Ha fatto quel che doveva fare. Attenzione, non sto dicendo che era colpevole (che tra l'altro non si è ancora ben capito di cosa), ma che l'aria si stava facendo pesante, attorno a lui e al Vaticano. Comunque mi spiace.

Anonimo ha detto...

La bruttisima figura della gerarchia italiana a ogni livello.

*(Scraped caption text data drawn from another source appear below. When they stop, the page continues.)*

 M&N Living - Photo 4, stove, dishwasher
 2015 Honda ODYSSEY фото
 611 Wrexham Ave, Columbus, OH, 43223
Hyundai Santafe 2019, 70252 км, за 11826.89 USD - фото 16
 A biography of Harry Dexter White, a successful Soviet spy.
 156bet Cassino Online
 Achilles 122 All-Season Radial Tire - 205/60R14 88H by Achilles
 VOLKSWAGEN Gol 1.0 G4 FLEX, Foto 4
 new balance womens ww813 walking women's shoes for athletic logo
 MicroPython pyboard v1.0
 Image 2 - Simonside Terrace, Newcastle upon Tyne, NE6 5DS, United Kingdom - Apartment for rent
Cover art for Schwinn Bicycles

usciranno anche altri dettagli ora che ha mollato.

Anonimo ha detto...

E il primo birillo è caduto!

mariateresa ha detto...

mi dispiace. Ma purtroppo non vedevo tante vie di uscita. Avvenire sono ormai giorni che porta pagine e pagine su questa questione. E non parliamo degli altri giornali.
Nessuno può resistere a una pressione così.
Ora succede un macello fatto di dietrologie e ipotesi e anche solette mentali.
Resta parecchio amaro in bocca.
E mi dispiace, lo dico sinceramente, avere percepito tanto astio anche nel mondo cattolico su una vicenda che, per quello che ne sappiamo noi comuni mortali, non è chiara e non è limpida soprattutto da parte di chi l'ha scatenata.

Anonimo ha detto...

ora tocca ai vescovi speiegare i motivi di questa strada difesa priva di senso??

cosa avevano da nascondere di cosi' importante??

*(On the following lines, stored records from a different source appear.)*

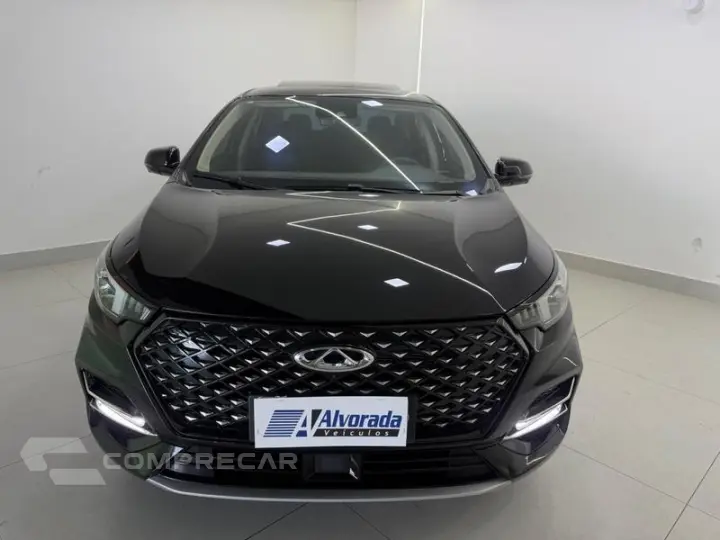 CAOA CHERY ARRIZO 6 PRO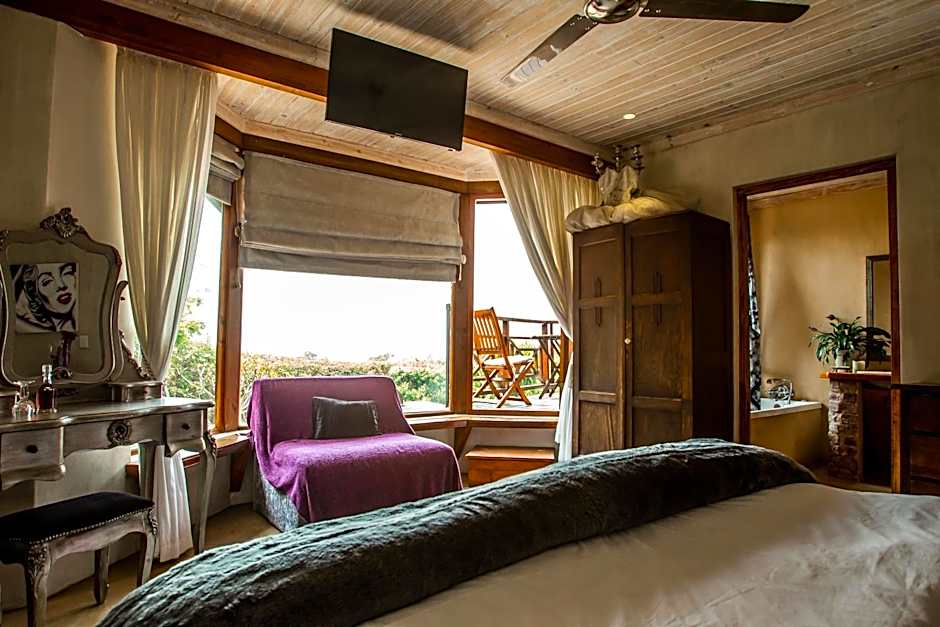 A Whale of a View Bed & Breakfast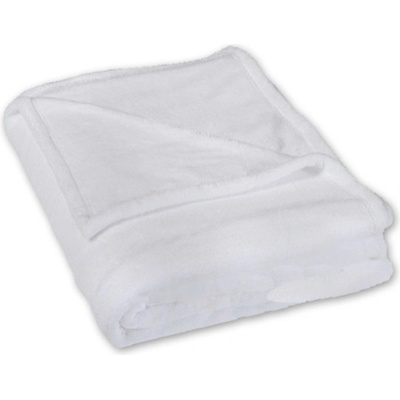 Bellatex Micro deka bílá 300g/m2 150x200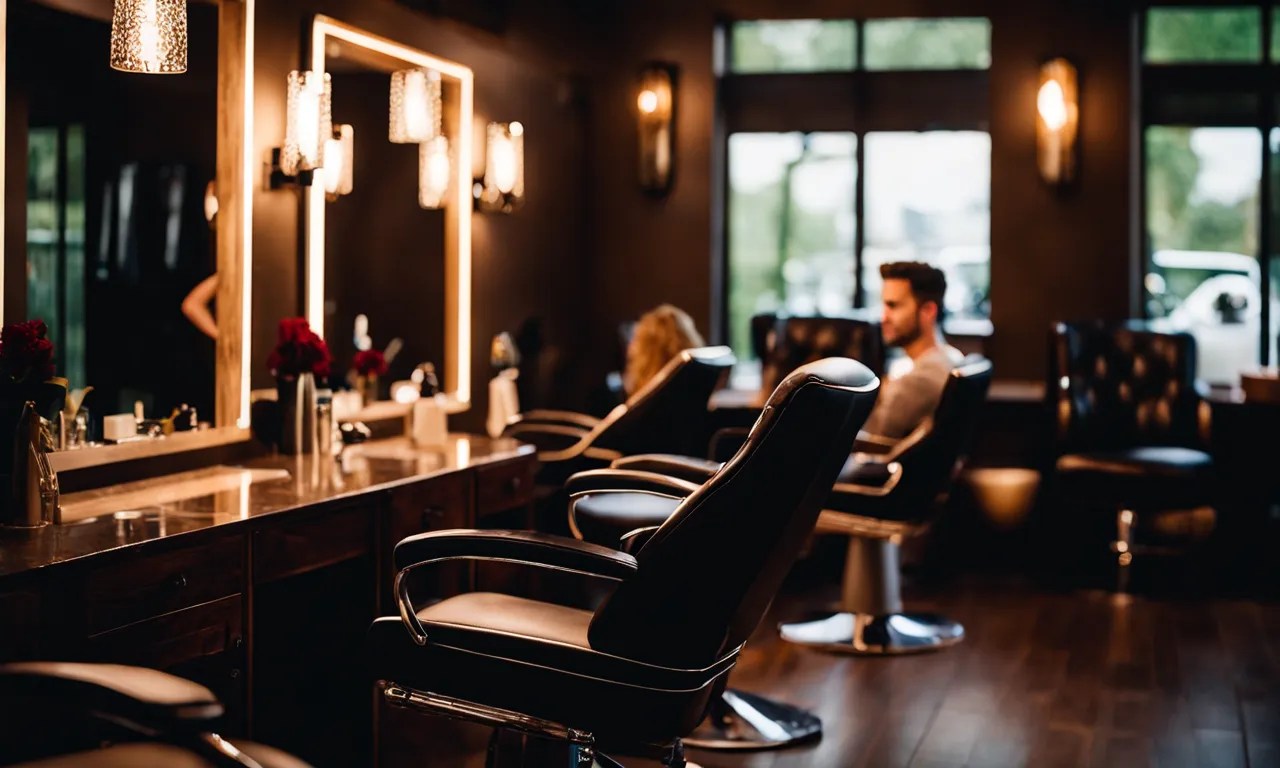 Best Hair Salons San Antonio (2024 Update) Pubbelly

grazie feltri. la Chiesa ha bisogno di una grande purificazione, e non ha capito che la sua forza sta' nella santita', come questo anno giubilare dovrebbe insegnare principalmente a loro....... sacerdoti o vescovi

gianniz ha detto...

Ho sentito la notizia al TG 1.
Mi dispiace per Boffo, ma, indipendentemente dalla sua "colpevolezza" o "innocenza", doveva farlo.
Questo gioco del "tutto è fango quindi niente è fango", ormai, andava interrotto. Se si interromperà!? Cosa che dubito!
Resta, infatti, l'interesse iniziale, e occulto, di colui (o coloro) che ha iniziato il gioco. Persona reale (o persone reali) non di fantasia. Questa (o queste) potrebbe (o potrebbero) desiderare un prolungamento all'infinito, a oltranza, di questo schifo!
Chi sa quali sono gli obiettivi che si sono prefissi iniziando il gioco?

gianniz ha detto...

Caspita! Ho scritto un post quasi-fotocopia! Scusa Maria Teresa!

mariateresa ha detto...

se il futuro della purificazione dipende da Feltri vado ad allevare lombrichi su un'isola deserta.

mariateresa ha detto...

caro gianniz sono contenta che ci siamo fotocopiati i pensieri.
Non sono contenta quando sento astio e livore.
Ora dagospia dice che è stato messori a dargli il colpo di grazia. Ma va là.

Anonimo ha detto...

Sono umanamente vicina a Dino Boffo. Del resto non vi era altra via di uscita. Credo che adesso l'onere di fornire delle spiegazioni tocchi al presidente emerito della CEI e ai suoi più stretti collaboratori.
Alessia

Anonimo ha detto...

Tiriamo un respiro di sollievo, e speriamo che ora la CEI e Avvenire possano cambiare rotta e recuperare la credibilità di cui hanno (e abbiamo) bisogno.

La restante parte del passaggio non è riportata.